Contemporary accounts of politics often coincide with strategies, theories, and experiences of temporality, whether they be historical periodizations, the experience of everyday life, or attempts to give figural or concrete form to such experiences through narration. If we understand narrative as the principal and necessary means through which one is able to make sense of time and temporal experience (and therefore also social change), we must recognize the centrality of narrative to any attempt to think politically; if we reject this claim, we must account for one's ability to make sense of lived experience in some other way.

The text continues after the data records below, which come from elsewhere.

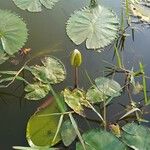 Nymphoides indica Folha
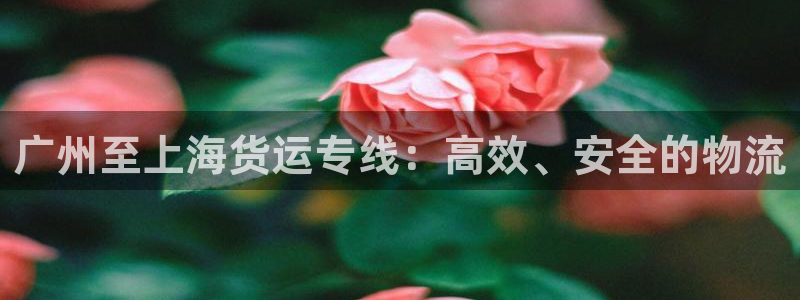 多多28官网入口pc正版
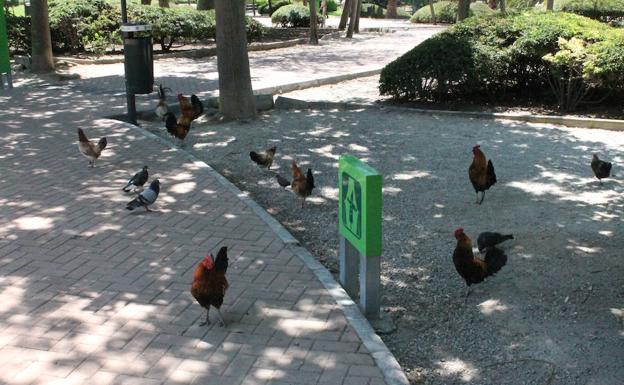 Los efectos de la 'invasión' de gallinas en el Parque de La Paloma de Benalmádena: cruzan la carretera y se cuelan en bloques y negocios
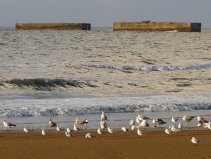 Aprs la reconstruction de Caen et des villes bombardes, dans les annes 50, le port artificiel d’Arromanches semble un peu oubli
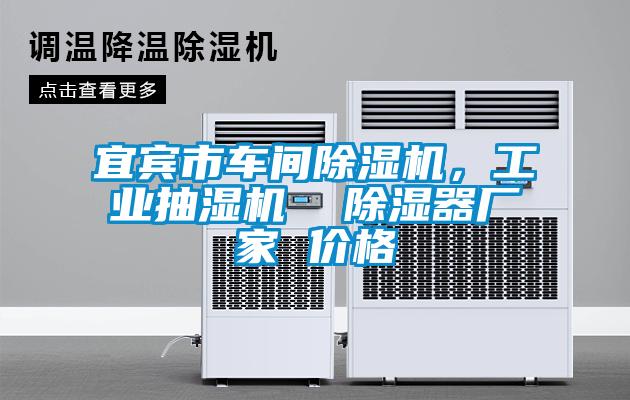 宜賓市車間除濕機(jī),工業(yè)抽濕機(jī) 除濕器廠家 價格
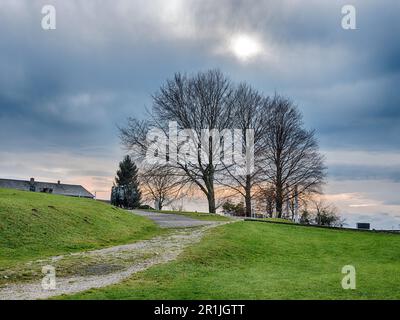 A large oak tree spreads its branches over a dirt road outside the old World War II concentration camp at Mauthausen. Stock Photo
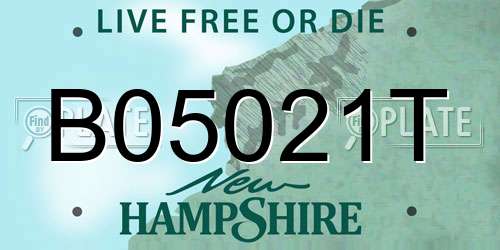 B05021T New Hampshire License Plate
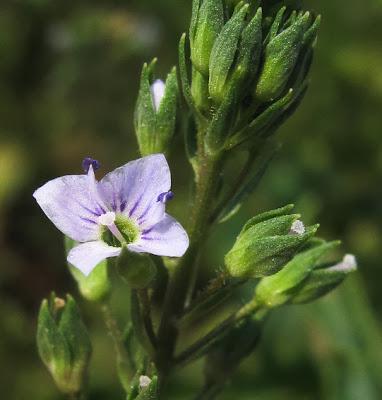 Veronica anagallis-aquatica (Mouron aquatique, Véronique mouron d'eau)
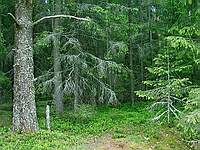 Лес на краю поляны; фото Ю.Г.Семенова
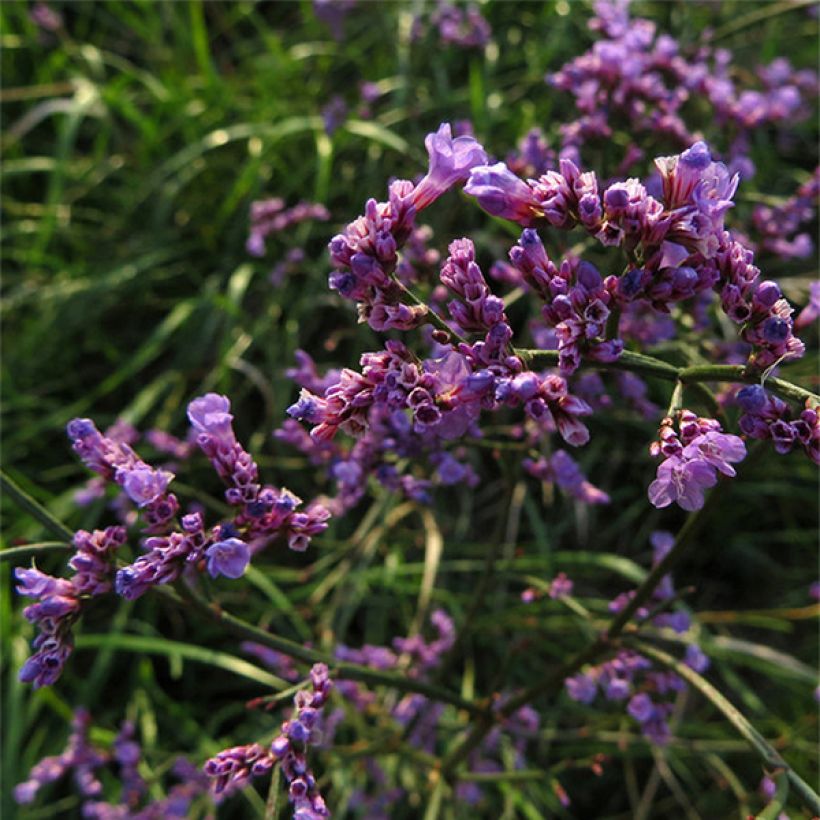 Ikiviuhko - Limonium gmelinii ssp hungaricum (Kukinta)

Beyond this dilemma, however, we must acknowledge the prevalence of narrative as a means for understanding life (everyday or otherwise), causality, and political action, not only in the abstract, but in relation to specific forms of narrative and the different experiences of temporality they engender.The next issue of Polygraph aims to explore the politics of life today—provisionally defined as biopolitics—by examining the constructions of temporality at these various levels. How might a notion of the biopolitical take its form and mode of expression from differing theories of narration, periodization, or everyday life in the present age? How do different forms of narrative provide differing schema for understanding the temporal experience of contemporary life, and to what extent is a notion of everyday life itself contingent on specific modes of temporal understanding?

Moreover, what is the relation between biopolitics and everyday life as we try to think the political or epistemic effectivity of narrative today?

We hope to examine these questions by bringing together analyses of the political with those of narrative and temporal experience in contemporary cultural production: literature, theater or performance art, cinema, television, and other contemporary or emergent media.

How do contemporary narratives and modes of narration coincide with, inform, or make possible the experience of politics or temporality today? How can we understand the relation(s) between historical questions of periodization and social transformation and more empirical or cognitive forms of temporality explored in the fields of science? Through these juxtapositions, we hope to come to a more fully developed understanding of the politics of social life in the contemporary age.

Deadline for submissions
September 1, 2005

E-mail submissions to
Rod Frey (rodger.frey@duke.edu) and Alexander Ruch (alexander.ruch@duke.edu).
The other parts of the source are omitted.